6 min read · 29 March 2026

By Lorna Simpson6 min read

Home boarding has the better story. Your dog stays in someone's house, sleeps on a sofa, watches telly with the family, gets walks twice a day. Kennels has the worse story. Cages, concrete, barking, your dog alone overnight.

The stories are misleading. Home boarding is not automatically the right answer for every dog and kennels is not automatically wrong. Both are licensed under the DEFRA 2018 regulations. Both have 5-star operators and 1-star operators. The right answer depends on your specific dog and your specific stay.

Below is the actual decision. No marketing, no story. What each one is, when each one wins, and how to choose.

What "home boarding" actually means under UK law

Home boarding is a licensed activity under the DEFRA 2018 regulations and is separate from kennels. The boarder operates from their own home. The dog joins the household. The licence covers the home itself - bedrooms, garden, fire safety, fencing, food storage, all of it.

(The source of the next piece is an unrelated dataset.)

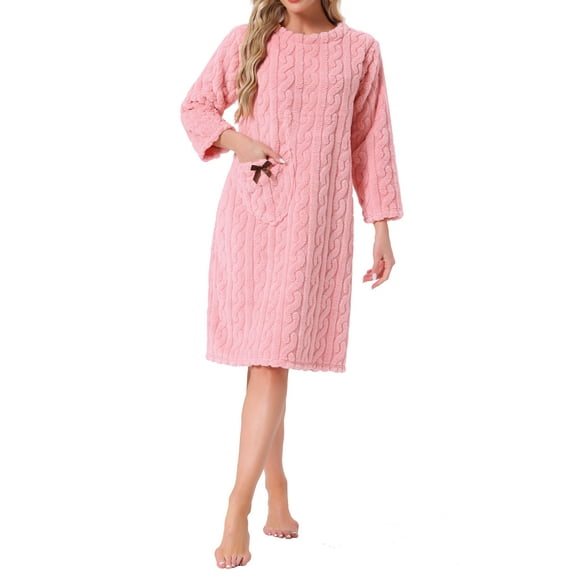 INSPIRE CHIC Womens Flannel Nightgown Fuzzy Fleece Sleepdress O Neck Pullover Winter Loungewear with Pocket S Pink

A few things define a legal home boarding setup.

- Maximum of 3 dogs at any one time from different households (some councils allow up to 4, check the local rule) - Dogs from the same household can stay together regardless of count - No commercial kennels or external runs - the dog stays in the home - The home is the boarder's primary residence and they are present overnight - The dog has free access to the boarder's living space (not locked in a utility room or garage) - A separate quiet area is available if the dog needs space from the family

If a "home boarder" runs more than 3 unrelated dogs, leaves dogs alone overnight, or uses outbuildings as the main sleeping area, they are operating outside the home boarding licence. That is not home boarding. That is unlicensed kennels.

What kennels actually means under UK law

Kennels is also licensed under the 2018 regulations but separately. A kennels operates from a commercial premises with dedicated dog accommodation - usually individual indoor sleeping areas, often with attached outdoor runs.

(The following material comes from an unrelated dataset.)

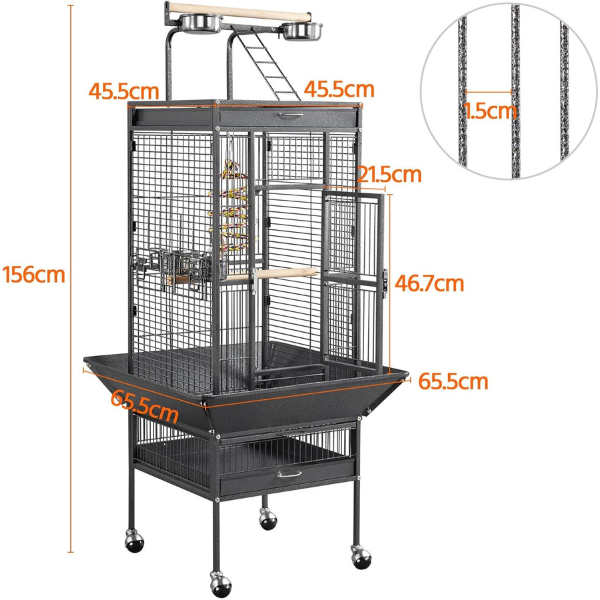 Cage à oiseaux volière - 46l x 36l x 100h cm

A modern UK kennels in 2026 looks different from the breeze-block kennels of 1995. The good ones have heated indoor sleeping spaces, larger individual runs, climate control, and staff on-site or on-call overnight. They are inspected against the same DEFRA framework but on different criteria. The licence covers space per dog, separation between dogs, drainage, ventilation, noise control, exercise schedules, fire safety, and emergency vet access.

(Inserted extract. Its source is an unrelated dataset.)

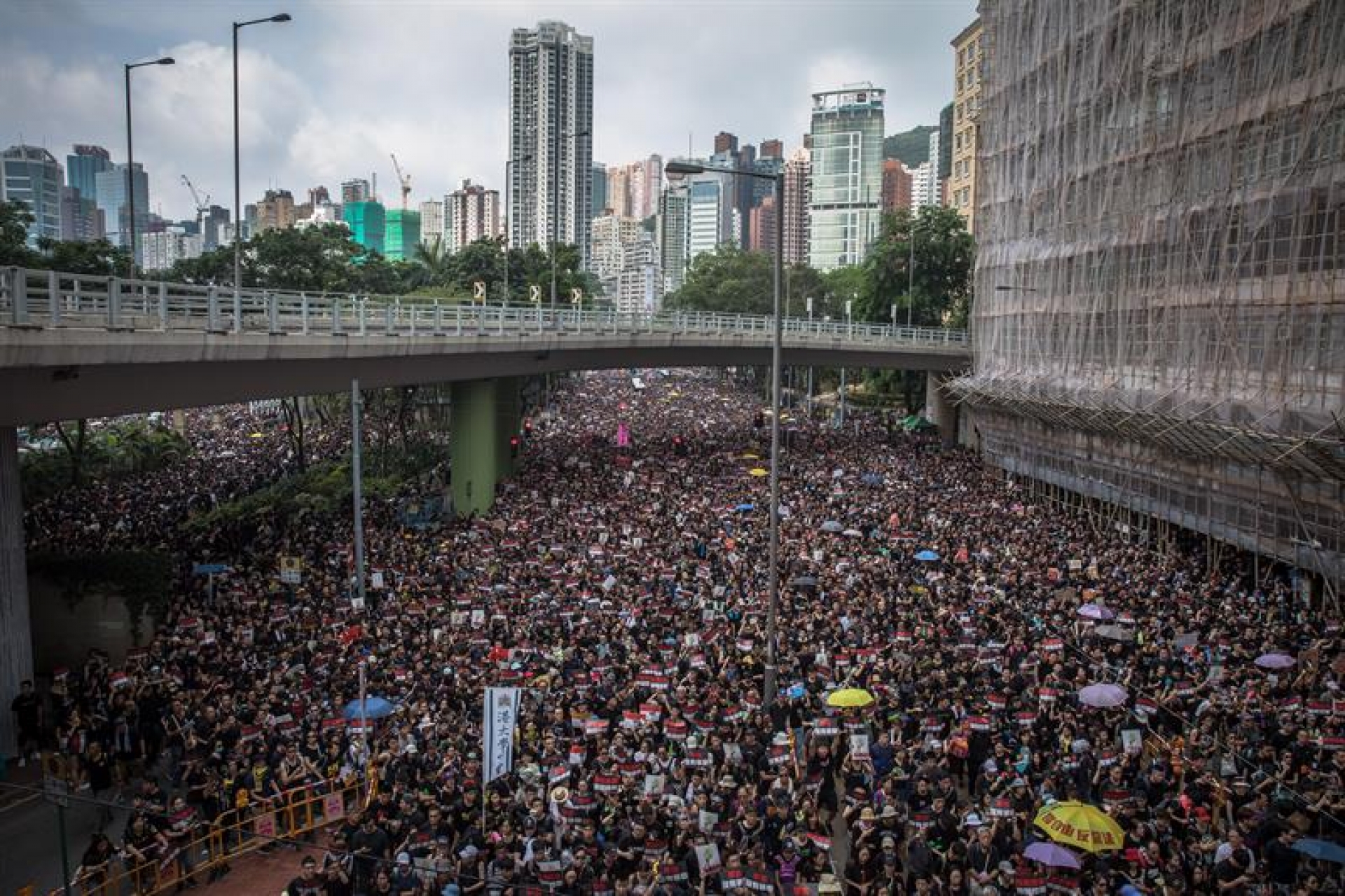 VIDEO: Otra protesta masiva sacude al gobierno en Hong Kong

The maximum dog count in kennels is determined by physical space, not a fixed number. A larger kennels might hold 30 to 50 dogs. They are run by staff, not a family.

When home boarding wins

Five situations.

Your dog is a velcro dog

Some dogs cannot cope with being alone. Separation anxiety, history of rescue, age-related anxiety, breed disposition. A dog like this needs company and routine. Home boarding gives them a family environment for the duration of the stay. Kennels, even good kennels, will leave them alone overnight in a sleeping area.

Stay is longer than 5 days

Once a stay goes beyond a few days, the cumulative stress of an institutional environment adds up for most dogs. Home boarding scales better with length. A two-week stay in a household feels different from a two-week stay in a kennels block.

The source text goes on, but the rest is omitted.